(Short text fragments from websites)
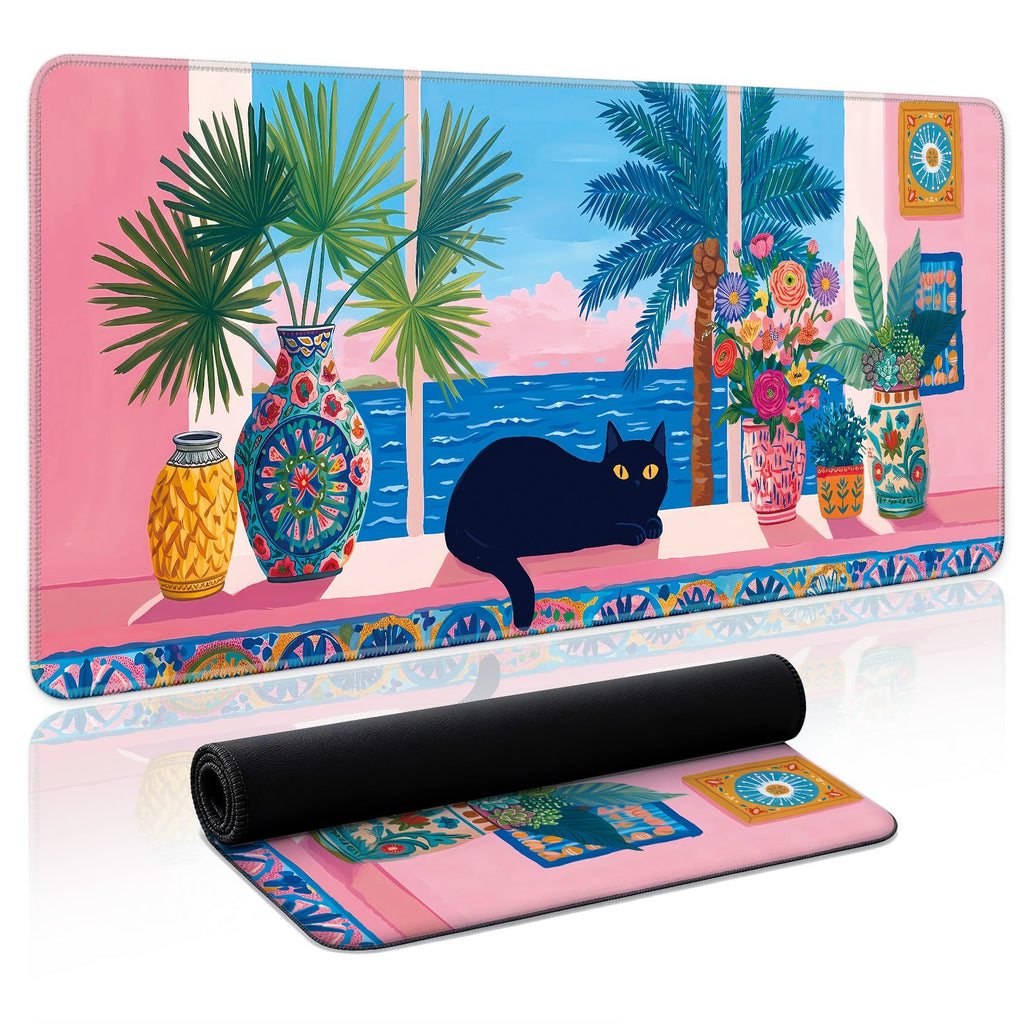 Aesthetic Desk Mat, Cute Enchanted Garden Desk Pad Protector for Work & Decor, 31.5" x 11.8", Pretty Non-Slip Extended Mouse Pad for Office or Home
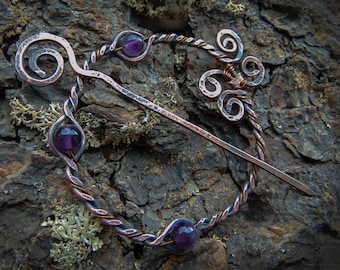 Celtic copper brooch, viking brooch, copper cloak pin,  amethyst cloak pin, copper shawl pin, copper shawl brooch, Lagertha brooch, kilt pin
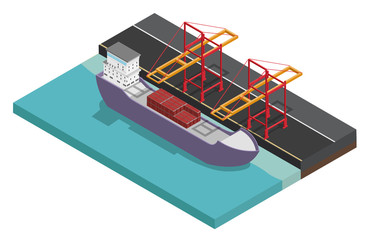 Isometric vector port ship loading logistic concept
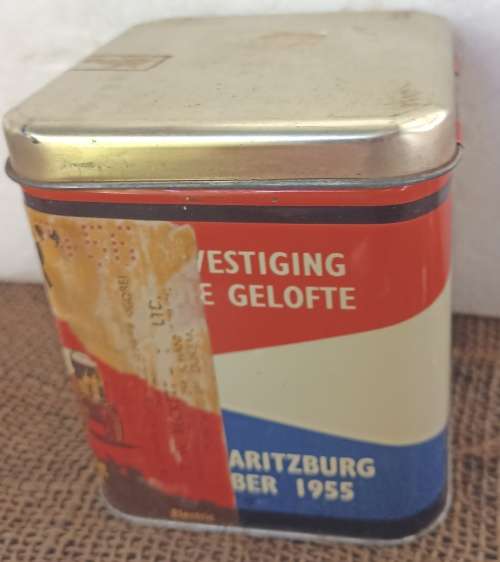 Vintage `Herdenking van die Gelofte-Petermaritzburg Des 1955` 1 Lb. Nett Tekker Koffie Blik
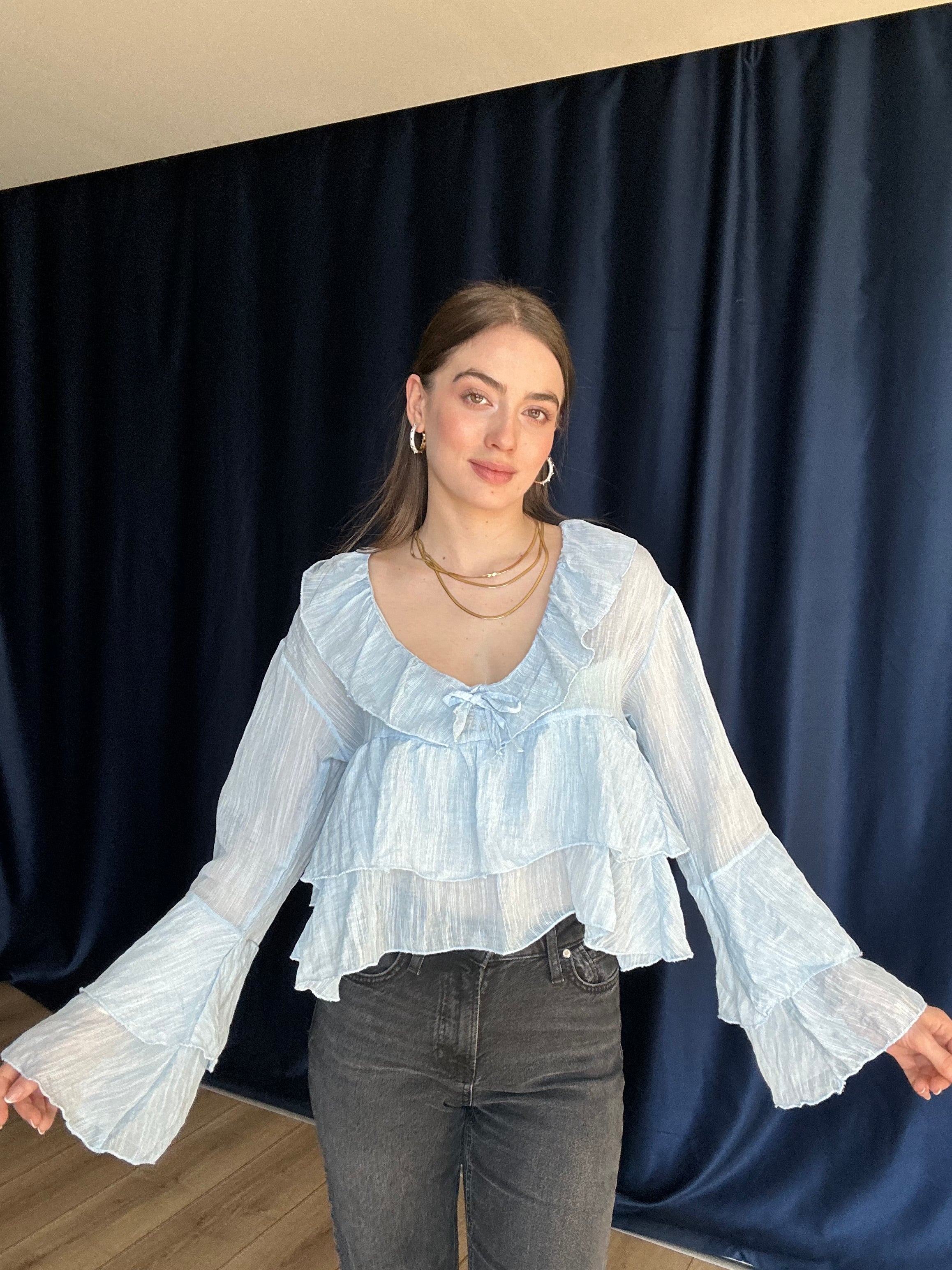 Aec Prive Women's Elara Ruffled Chiffon Blouse -2123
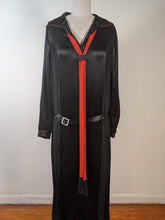 Load image into Gallery viewer, 1920s Black + Orange Silk Dress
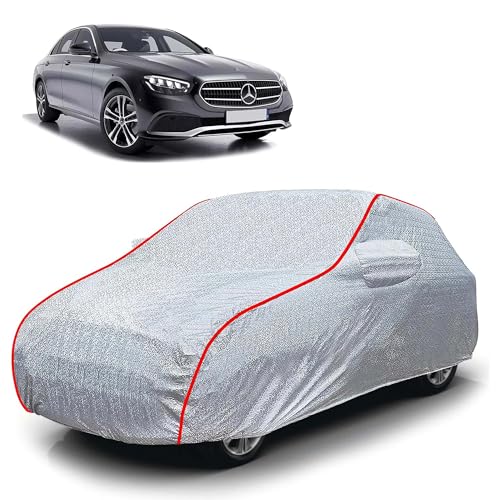Image of Sulfar 100% Waterproof Car Body Cover Compatible with Mirror for Mercedes Benz E220 (Triple Stitched, Full Bottom Elastic, Magic Silver with Red Piping)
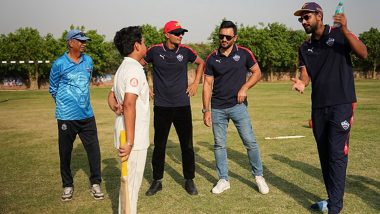 IPL 2024: Delhi Capitals’ Players Lalit Yadav, Yash Dhull, Gulbadin Naib Pay Visit to DC Academy in Faridabad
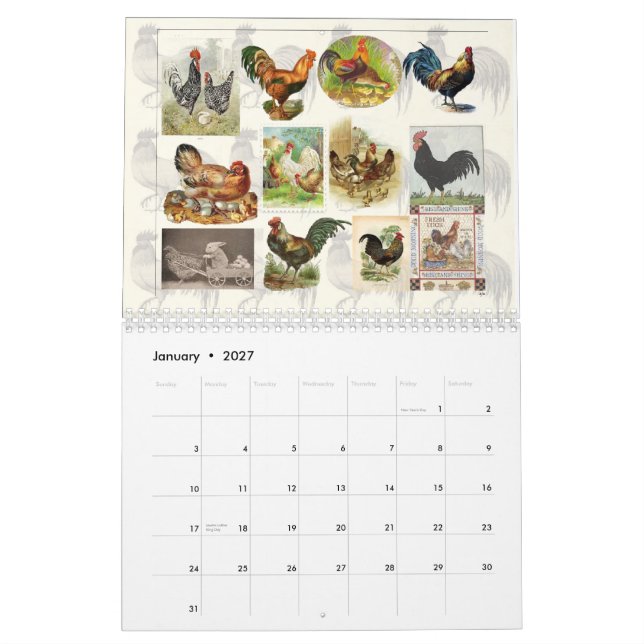 Vintage Chicken Anpassningsbar Calendar Kalender (Jan 2027)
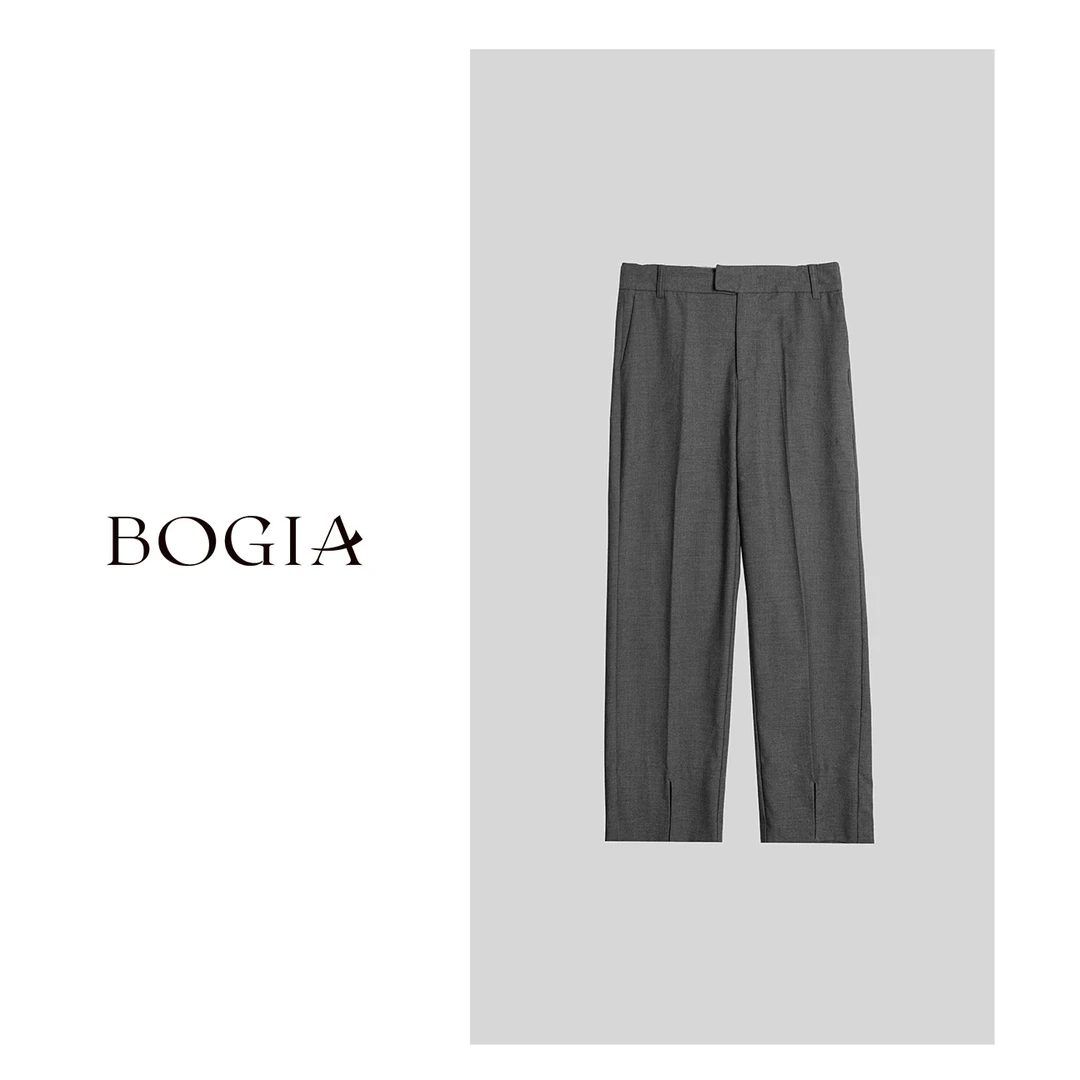 包迦【零感排骨裤】精仿莱赛尔垂感直筒前开衩西裤YYK9229022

▸ Task to complete: Without including any picture, set down every line above exactly as it stands.

▸ Answer to this exercise:
 Aesthetic Desk Mat, Cute Enchanted Garden Desk Pad Protector for Work & Decor, 31.5" x 11.8", Pretty Non-Slip Extended Mouse Pad for Office or Home
 Celtic copper brooch, viking brooch, copper cloak pin,  amethyst cloak pin, copper shawl pin, copper shawl brooch, Lagertha brooch, kilt pin
 Isometric vector port ship loading logistic concept
 Vintage `Herdenking van die Gelofte-Petermaritzburg Des 1955` 1 Lb. Nett Tekker Koffie Blik
 Aec Prive Women's Elara Ruffled Chiffon Blouse -2123
 Load image into Gallery viewer, 1920s Black + Orange Silk Dress
Image of Sulfar 100% Waterproof Car Body Cover Compatible with Mirror for Mercedes Benz E220 (Triple Stitched, Full Bottom Elastic, Magic Silver with Red Piping)
 IPL 2024: Delhi Capitals’ Players Lalit Yadav, Yash Dhull, Gulbadin Naib Pay Visit to DC Academy in Faridabad
 Vintage Chicken Anpassningsbar Calendar Kalender (Jan 2027)
 包迦【零感排骨裤】精仿莱赛尔垂感直筒前开衩西裤YYK9229022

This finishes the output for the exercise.